Your task: From the line containing "Close-up of silver" through the last line of the records below, output every line exactly as it appears, but leave out the pictures.
[[ Data for the task, beginning ]]
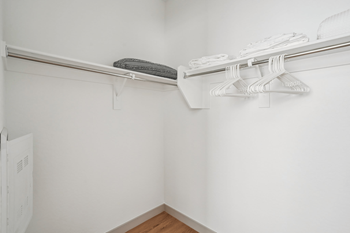 A white wall with a clothes rack and a white paper leaning against it.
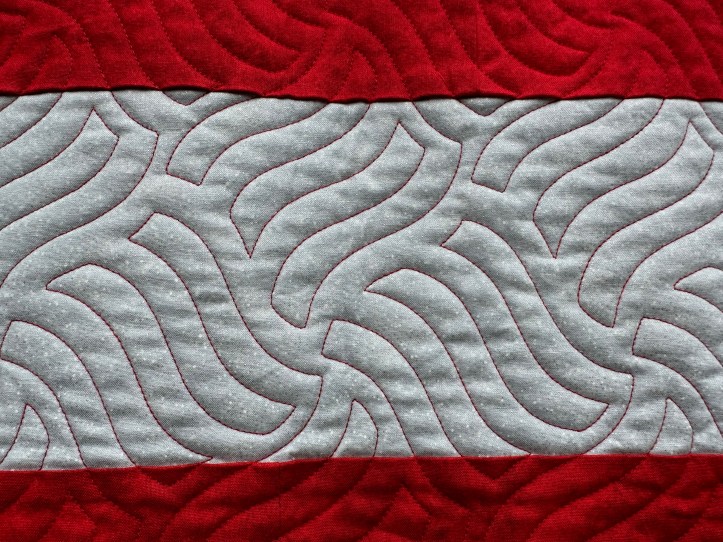Close-up of silver stripe of fabric in red background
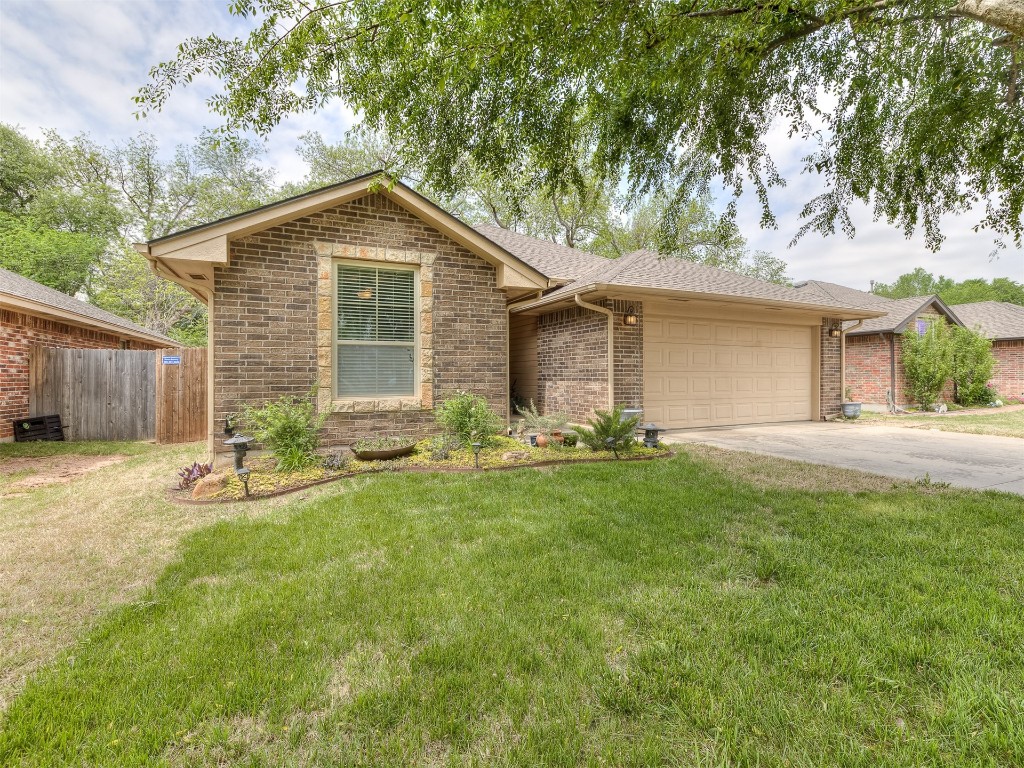 2924 Woodcrest Creek Drive, Norman, OK 73071 ranch-style home with a garage and a front yard
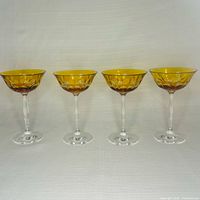 Front view of four amber cut crystal coupe glasses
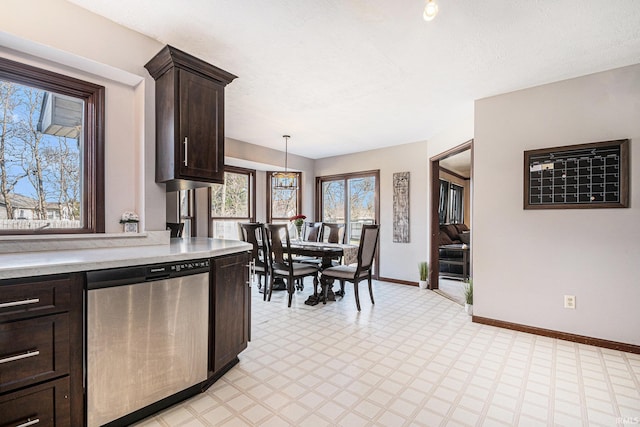 kitchen with light countertops, baseboards, light floors, dark brown cabinets, and dishwasher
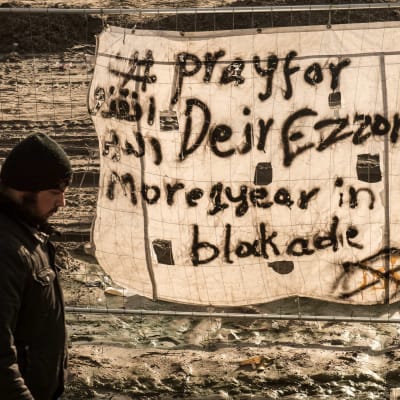 Banderoll i flyktinglägret i Calais med texten "Be för Deir Ezzor, belägrat i över ett år"
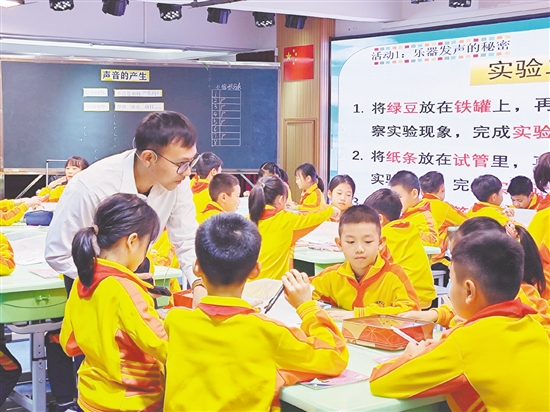 教师指导学生用橡皮筋、铁罐、试管模拟乐器发声。 教师指导学生用橡皮筋、铁罐、试管模拟乐器发声。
[[ Data for the task, end ]]
Output for this task:
Close-up of silver stripe of fabric in red background
 2924 Woodcrest Creek Drive, Norman, OK 73071 ranch-style home with a garage and a front yard
 Front view of four amber cut crystal coupe glasses
 kitchen with light countertops, baseboards, light floors, dark brown cabinets, and dishwasher
 Banderoll i flyktinglägret i Calais med texten "Be för Deir Ezzor, belägrat i över ett år"
 教师指导学生用橡皮筋、铁罐、试管模拟乐器发声。 教师指导学生用橡皮筋、铁罐、试管模拟乐器发声。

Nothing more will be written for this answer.